Trener R. Wójcik w rozmowie z nami przestrzegał przed lekceważeniem naszych sobotnich rywali oraz skomentował zmiany w ustawieniu obronnym Zielono-Czarnych.
Jak na chłodno trener ocenia spotkanie w Łodzi?
– Paradoksalnie nasza gra obronna, jeśli chodzi o same wydarzenia boiskowe, była poprawna. Zdaję sobie sprawę, że brzmi to kuriozalnie, natomiast z gry przeciwnik miał tylko dwie niezbyt dogodne sytuacje. Widzew zaskoczył nas stałymi fragmentami. Otwarcie trzeba sobie powiedzieć, że zabrakło nam jakości i dynamiki na połowie przeciwnika.
Taka gra w obronie to zasługa naszych letnich nabytków?

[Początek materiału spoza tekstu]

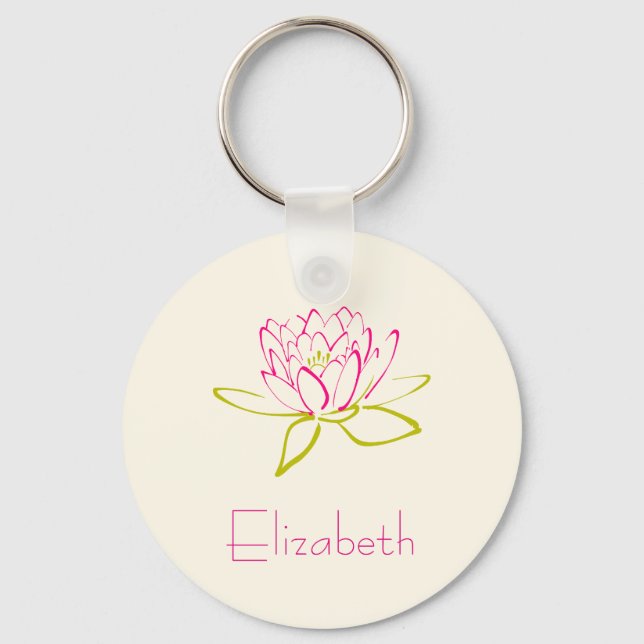 Personalisierte Lotus Blume/Wasserlilie Schlüsselanhänger (Vorderseite)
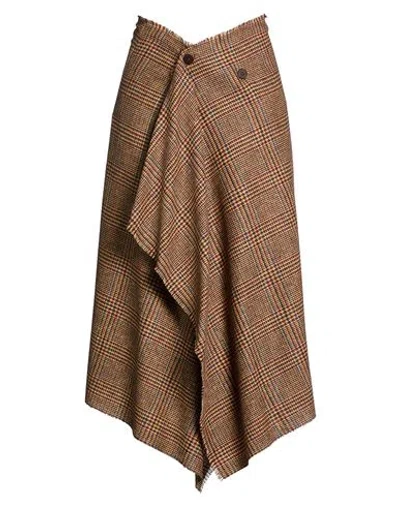 Ballantyne Woman Midi Skirt Camel Size 2 Virgin Wool In Beige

– Podjęliśmy duże ryzyko, jeśli chodzi o zestawienie linii obrony. Markowski i Midzierski to para stoperów, która wcześniej ze sobą nie grała. Są to bardzo klasowi zawodnicy, potrafią się odnaleźć w trudnych warunkach. Swoje zadanie wypełnili bardzo dobrze, nie popełnili żadnych rażących błędów. Owszem były pewne problemy w kwestii rozegrania piłki i budowy gry od tyłu, ale z czasem zawodnicy lepiej wkomponują się w szeregi naszego składu i ten aspekt ulegnie poprawie.
Czy jest jakiś lepszy zespół do przełamania serii porażek niż Olimpia?
– Bardzo poważnie traktujemy Olimpię Elbląg. Wyniki w tej lidze pokazują, że każdy może wygrać z każdym. Nikogo nie wolno lekceważyć, potwierdza to ostatnie zwycięstwo ROW-u Rybnik z Siarką Tarnobrzeg. Wynik w każdym spotkaniu jest sprawą otwartą. Nie ulega wątpliwości, że po trzech porażkach, w których strzeliliśmy jedną bramkę, nastała najwyższa pora na zwycięstwo. W sobotę najważniejsze będzie zwycięstwo.